§ MATERIAL FOR THIS TASK:

□ □ □

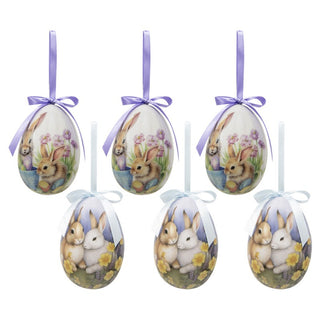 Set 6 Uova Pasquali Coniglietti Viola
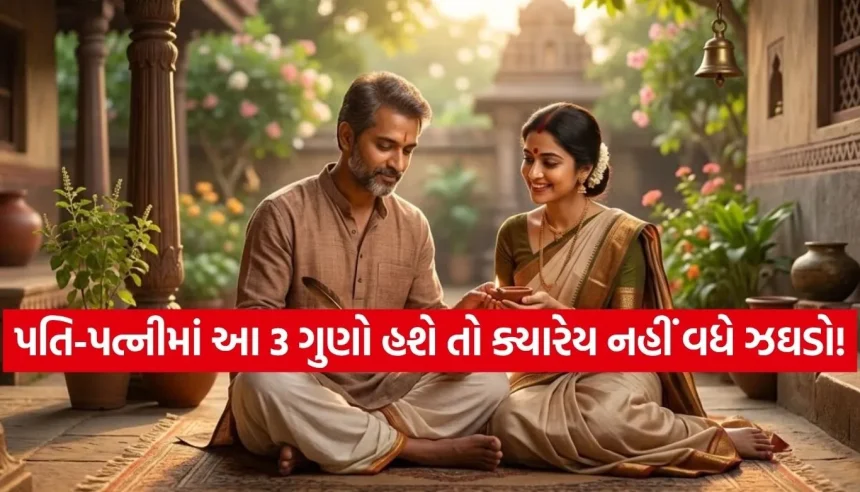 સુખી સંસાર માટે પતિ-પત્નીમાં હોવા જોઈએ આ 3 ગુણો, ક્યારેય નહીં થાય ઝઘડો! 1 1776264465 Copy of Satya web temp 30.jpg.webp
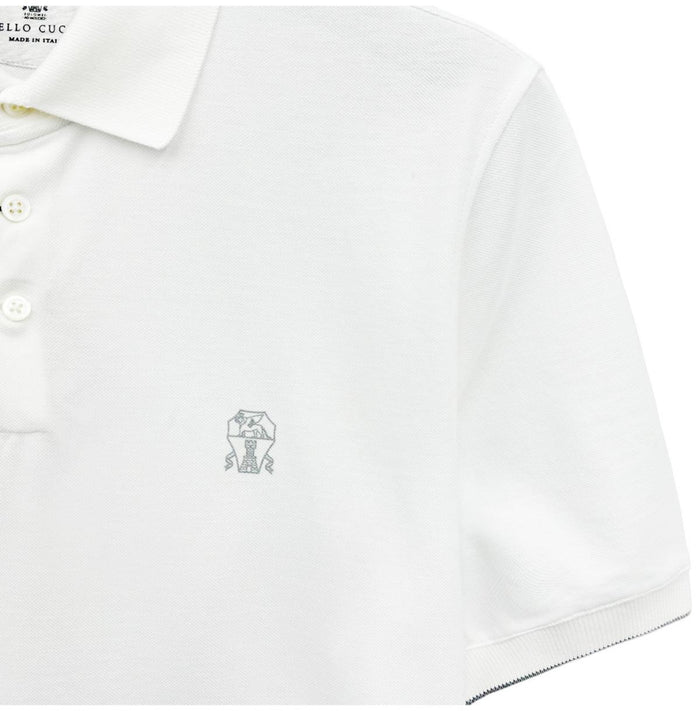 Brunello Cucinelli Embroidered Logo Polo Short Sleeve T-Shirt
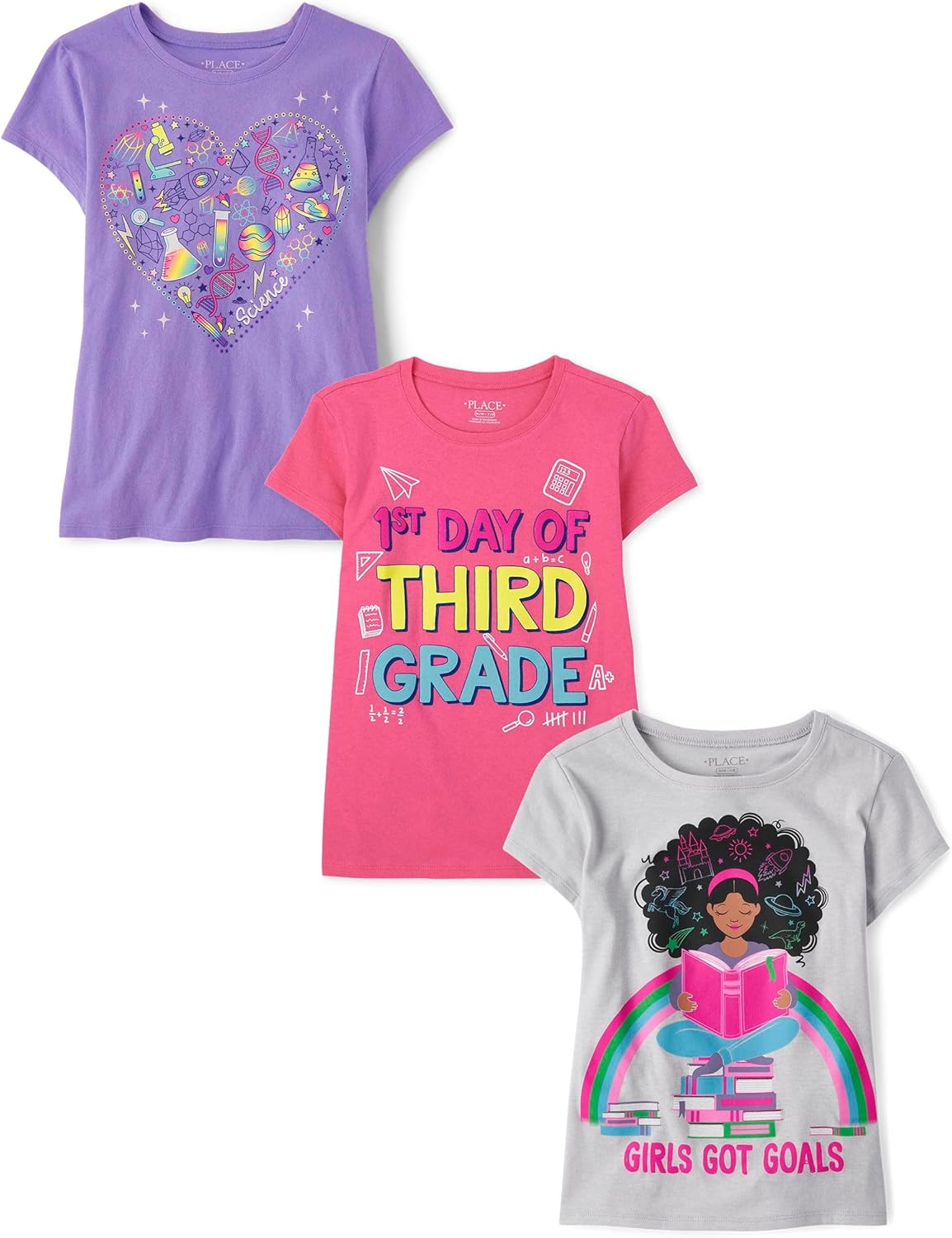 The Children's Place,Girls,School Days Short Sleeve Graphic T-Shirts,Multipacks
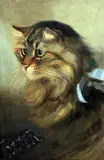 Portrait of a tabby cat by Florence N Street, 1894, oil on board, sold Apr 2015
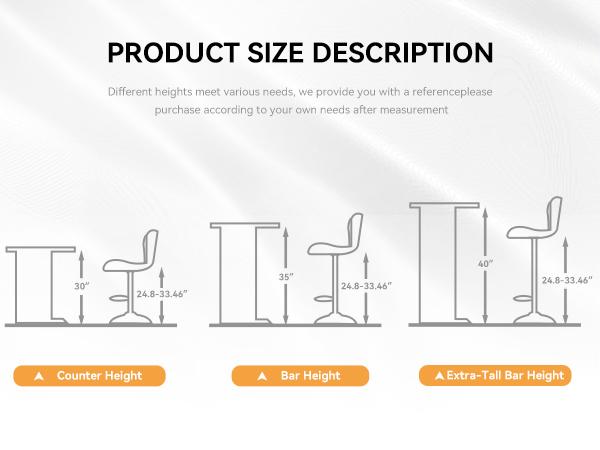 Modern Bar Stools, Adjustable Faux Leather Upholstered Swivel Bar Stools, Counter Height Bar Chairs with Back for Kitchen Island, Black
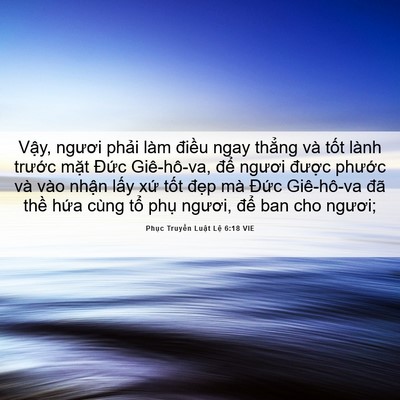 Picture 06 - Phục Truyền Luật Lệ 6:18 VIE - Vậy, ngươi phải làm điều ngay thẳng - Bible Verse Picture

□ □ □

§ WHAT TO DO:
The copy you give must repeat each record character for character, but it must not include the pictures.

§ COMPLETED TASK:
 Set 6 Uova Pasquali Coniglietti Viola
 સુખી સંસાર માટે પતિ-પત્નીમાં હોવા જોઈએ આ 3 ગુણો, ક્યારેય નહીં થાય ઝઘડો! 1 1776264465 Copy of Satya web temp 30.jpg.webp
 Brunello Cucinelli Embroidered Logo Polo Short Sleeve T-Shirt
 The Children's Place,Girls,School Days Short Sleeve Graphic T-Shirts,Multipacks
 Portrait of a tabby cat by Florence N Street, 1894, oil on board, sold Apr 2015
 Modern Bar Stools, Adjustable Faux Leather Upholstered Swivel Bar Stools, Counter Height Bar Chairs with Back for Kitchen Island, Black
 Picture 06 - Phục Truyền Luật Lệ 6:18 VIE - Vậy, ngươi phải làm điều ngay thẳng - Bible Verse Picture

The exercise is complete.